Schizophrenia affects one in a hundred Canadians at some point in their life. This disorder is characterized by auditory hallucinations, delusions, lack of motivation and thought disorder. Antipsychotic drugs improve some of these symptoms, but there is no cure and the cause of schizophrenia is still unknown. Current models suggest that a brain lesion in-utero, in conjunction with neurodegeneration, may result in the symptoms of the disease. These processes may result in abnormal brain function, manifested as changes in brain metabolism.

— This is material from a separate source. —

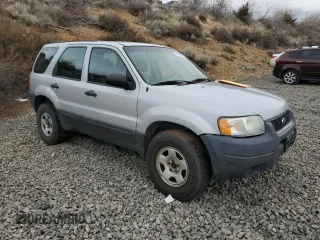 2004 Ford Escape XLS with VIN 1FMYU92194KA15099, listed as a Copart auction lot 47258535 with 147,409 mi miles and Clean Title. Bid and sale history available at DreamBid. Image 4.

In our past studies of first-episode and chronic schizophrenia, we used 31P MRS, a noninvasive technique, to measure the changes in brain metabolism. These studies revealed significant changes between patients and normals in several regions, including the thalamus, and the anterior cingulate. In order to determine the location of significant changes in metabolites as the disease progresses, more measurements between the initial and chronic stages of the disease are required.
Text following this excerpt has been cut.